• **What this task involves**
All of the listing is to be written out word for word, with the pictures left out.

• **Stored data**
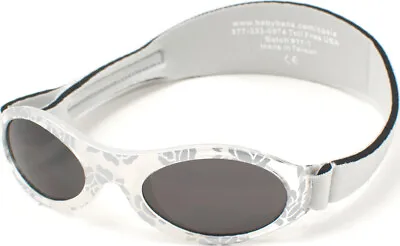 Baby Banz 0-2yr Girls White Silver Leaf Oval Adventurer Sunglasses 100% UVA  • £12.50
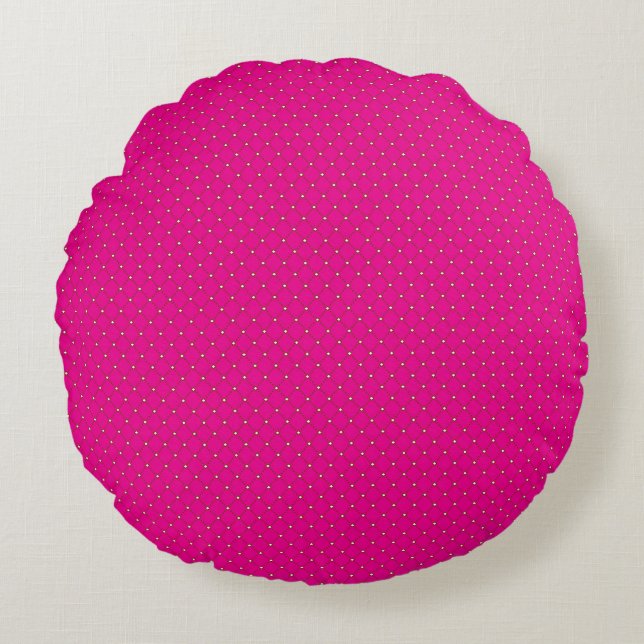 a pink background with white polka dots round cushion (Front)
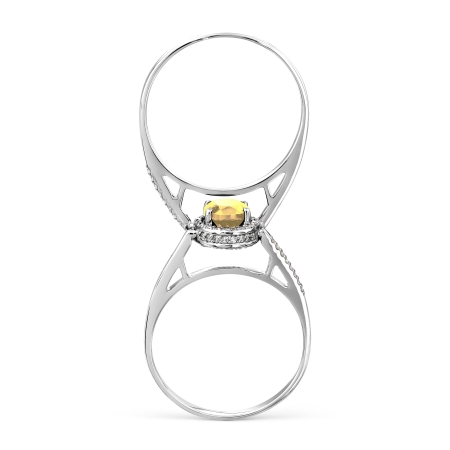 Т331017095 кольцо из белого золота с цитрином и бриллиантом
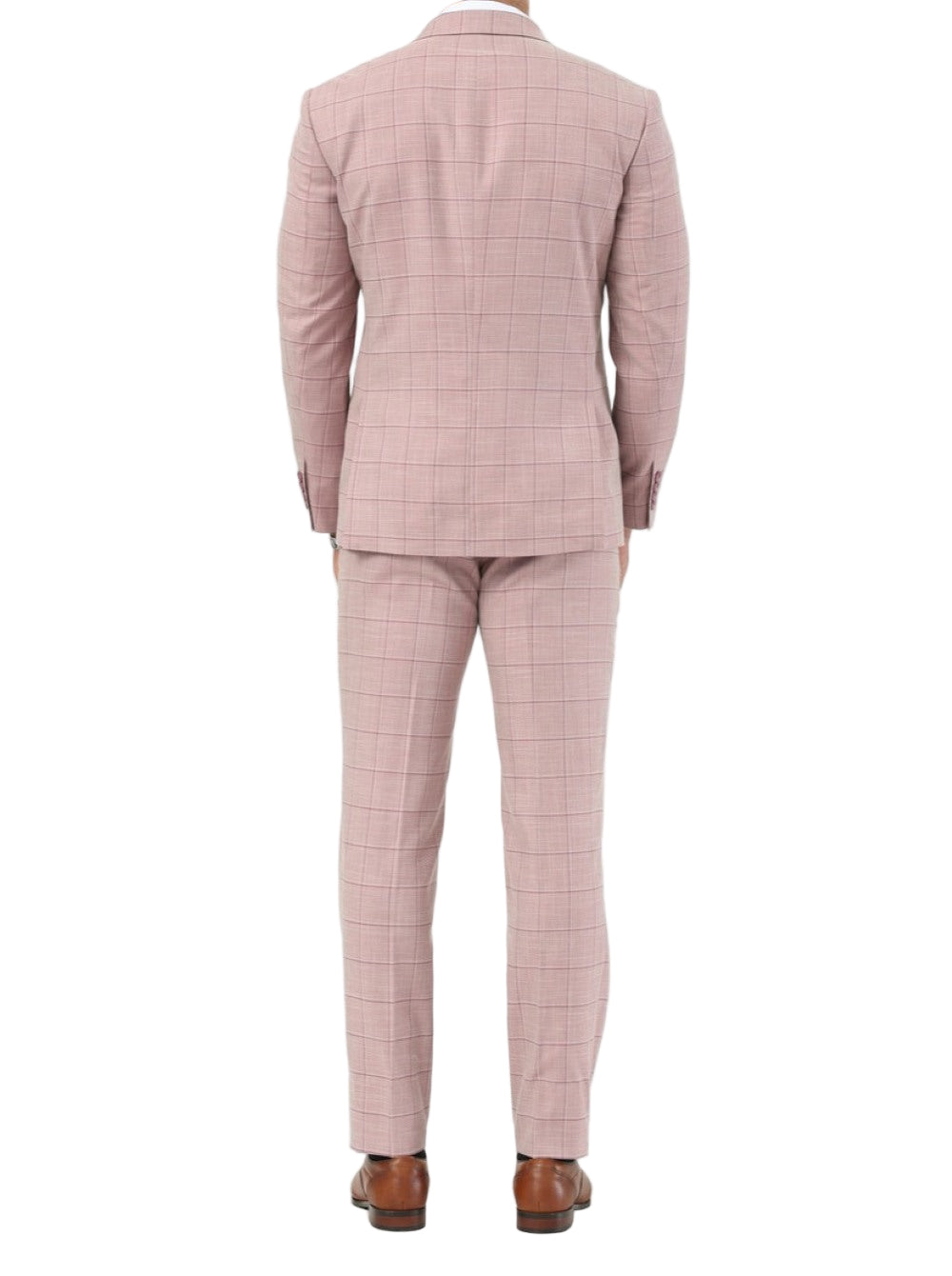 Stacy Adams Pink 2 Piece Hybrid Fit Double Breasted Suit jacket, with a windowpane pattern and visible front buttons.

• **Answer to this problem**
 Baby Banz 0-2yr Girls White Silver Leaf Oval Adventurer Sunglasses 100% UVA  • £12.50
 a pink background with white polka dots round cushion (Front)
 Т331017095 кольцо из белого золота с цитрином и бриллиантом
 Stacy Adams Pink 2 Piece Hybrid Fit Double Breasted Suit jacket, with a windowpane pattern and visible front buttons.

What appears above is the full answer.